# little Water Wheelie at Busco



## 08GreenBrute (Jul 13, 2009)

on of the only times ive been ridding and somewone had a camera lol not the best quality but what ever. second vid is a buddy on a Grizz 700 



blackberry220.mp4 video by 05GTO6SPEED - Photobucket
blackberry219.mp4 video by 05GTO6SPEED - Photobucket


----------



## phreebsd (Dec 16, 2004)

the world just feels right when them wheels are up in the air.
i clicked the like button


----------



## lilbigtonka (Dec 30, 2008)

yep nothing better then water wheelies. i honestly think they are more addicting then cigs, dip, and burr lol


----------



## poolege (Mar 26, 2010)

Nice! I've only done some small water wheelies cause all the water round here is moving too fast to stand it up much without getting washed over.
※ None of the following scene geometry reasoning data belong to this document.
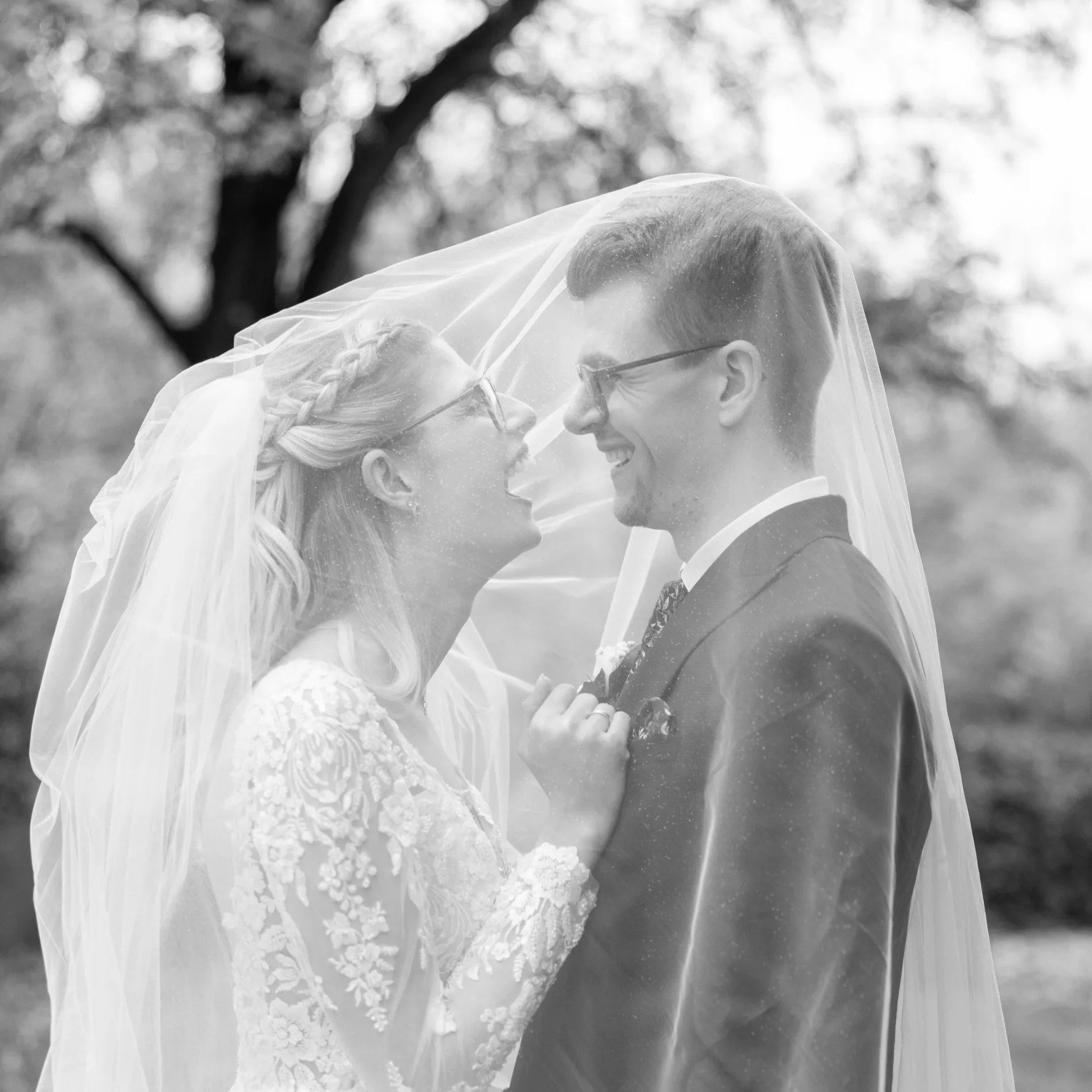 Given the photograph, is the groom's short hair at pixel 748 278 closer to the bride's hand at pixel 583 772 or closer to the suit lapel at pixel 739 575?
the suit lapel at pixel 739 575

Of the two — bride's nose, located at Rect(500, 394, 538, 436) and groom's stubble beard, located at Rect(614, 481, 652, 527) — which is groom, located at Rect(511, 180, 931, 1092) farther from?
bride's nose, located at Rect(500, 394, 538, 436)

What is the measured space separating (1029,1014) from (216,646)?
9448 millimetres

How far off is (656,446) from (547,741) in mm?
554

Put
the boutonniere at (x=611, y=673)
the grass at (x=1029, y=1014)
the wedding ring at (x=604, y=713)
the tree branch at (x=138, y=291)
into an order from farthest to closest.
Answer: the tree branch at (x=138, y=291)
the grass at (x=1029, y=1014)
the boutonniere at (x=611, y=673)
the wedding ring at (x=604, y=713)

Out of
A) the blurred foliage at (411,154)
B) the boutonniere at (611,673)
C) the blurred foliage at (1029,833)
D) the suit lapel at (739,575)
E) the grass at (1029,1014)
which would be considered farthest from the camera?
the blurred foliage at (1029,833)

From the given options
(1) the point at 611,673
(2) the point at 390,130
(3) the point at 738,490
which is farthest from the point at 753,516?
(2) the point at 390,130

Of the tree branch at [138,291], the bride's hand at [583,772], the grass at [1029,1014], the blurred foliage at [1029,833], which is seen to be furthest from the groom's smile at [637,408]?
the blurred foliage at [1029,833]

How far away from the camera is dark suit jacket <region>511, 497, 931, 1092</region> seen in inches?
81.4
I've gotta make it to Busco one day, I'm only 2 or 3 hours away. I see your photobucket name is 05GTO6SPEED. I used to be Phantom400 over on the LS2GTO forums. I miss my goat something awful. Mine was a 6 speed too. Seemed a shame to have one of those with an auto.


----------



## 650Brute (Dec 18, 2008)

Water Wheelies are like crack


----------



## 08GreenBrute (Jul 13, 2009)

i have to agree they are very addicting,

poolege, i miss my Goat bad too but for a 35k car they were put together kinda crappy. mine had 25k on it and needed all the suspension bushing replaced in the front because of the strut rub and GM said it wont under warranty because the car had been driven hard (like they were supposed to be lol)


----------



## Polaris425 (Dec 16, 2004)

nice!! looks like a fun pit to play in.


----------



## poolege (Mar 26, 2010)

Yeah I heard alot of goats had that problem and GM were a*****'* about it. Only problem I had was my rear diff went out at 32,000 miles the night before the Fall Brawl but I found another one for $326 in D.C. so it was ok. I will have another Goat or G8 one day though, even though Pontiac is dead. : (


----------



## king05 (Oct 13, 2010)

Nice vid! Busco beach is so much fun! I love it!


----------



## 08GreenBrute (Jul 13, 2009)

yea its a good place to ride,


----------



## swampthing (May 2, 2010)

If I ever get over to the States with my machine I will be at Busco! nice vid man, I agree with 650brute water wheelies are like crack.


----------



## avenomusduck (Jul 8, 2010)

That mudd pit can be fun but stay away from the far right side!
Last time I went, just about the middle, it dropped from 4' to 6' REAL QUICK:bigeyes:
The oval muddercross pit is fun too!

Nice vids BTW!


----------



## 08GreenBrute (Jul 13, 2009)

Thanks, yea you have to watch out there are a few holes in that pit


----------